Итак, в мировоззрении византийских историков IV — первой половины VII в. отчетливо отразилась противоречивость эпохи. Объективно они стояли на консервативных позициях, защищали умиравший рабовладельческий мир и угасавшую античную цивилизацию; вместе с тем эти историки выступали носителями лучших традиций античной исторической науки. По широте кругозора, по обилию позитивных знаний, по блестящей форме их изложения они были на голову выше современных им христианских хронистов. Именно это выдвигает историков на первое место в византийской историографии раннего времени. Без их трудов было бы совершенно невозможно воссоздать историю Византии IV — первой половины VII в.

* * *

Наиболее выдающимся византийским историком IV в. был антиохийский грек Аммиан Марцеллин (ок. 330–400 гг.).

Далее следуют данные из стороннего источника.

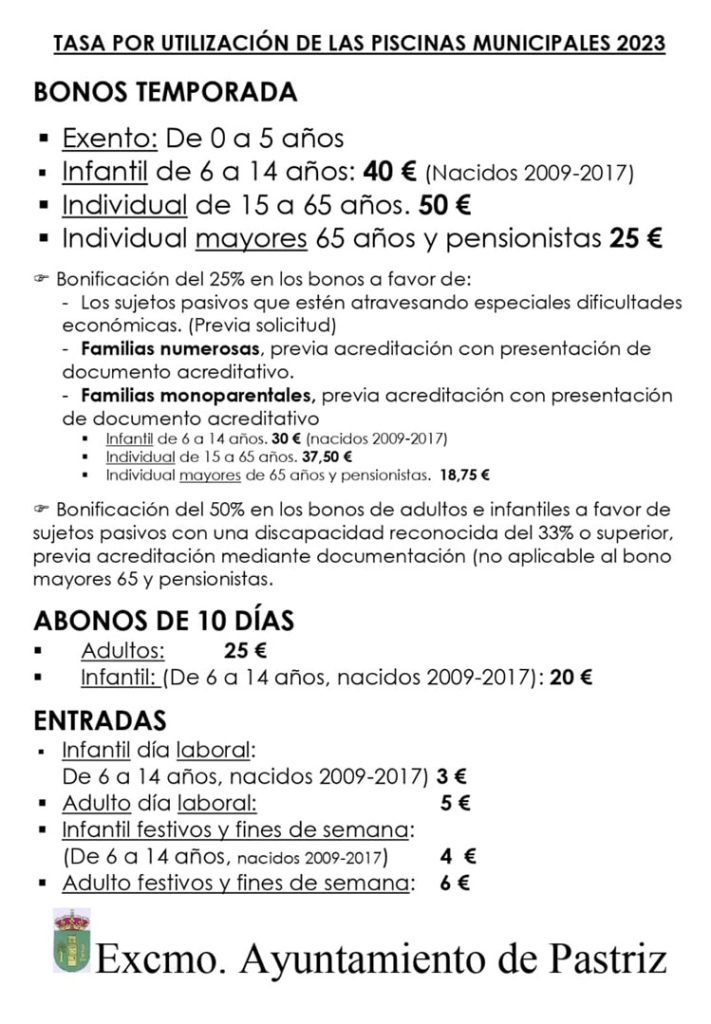 piscinas municipales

Приверженец Юлиана Отступника, с которым участвовал в походе против персов, и сторонник восстановления языческой религии, Аммиан Марцеллин на склоне своих лет написал исторический труд на латинском языке, известный под названием «Res Gestae» — «Деяния»[1]. Это произведение было задумано автором как продолжение знаменитого исторического сочинения Тацита и охватывало период от правления императора Нервы до конца IV в. Сохранилось лишь 18 книг труда Аммиана Марцеллина (кн. 14–31), посвященных событиям 353–378 гг., современником, а зачастую и участником которых был сам автор. Аммиан Марцеллин предстает перед нами отнюдь не как компилятор, а как мыслящий историк, глубоко озабоченный судьбами Римского государства, стремящийся добросовестно осветить события своего времени. В его сочинении подкупает достоверность фактического материала; большинство его известий выдерживает проверку данными других источников. В значительной мере это объясняется тем, что основой исторического повествования автора служили его собственные жизненные наблюдения и рассказы очевидцев.

Аммиана Марцеллина часто рассматривают как последнего великого римского историка[2]. Это суждение верно лишь отчасти. Нельзя отделить непроходимой гранью позднеантичную историографию от ранневизантийской; напротив, между трудами римских и византийских историков имеется прямая преемственность. Справедливее поэтому считать Аммиана Марцеллина последним представителем античной историографии и первым крупным византийским историком. Он близок не только римским, но и византийским авторам (Прокопию, Агафию, Феофилакту Симокатте), которые, подобно самому Аммиану Марцеллину, во многом оставались еще на почве античной исторической науки.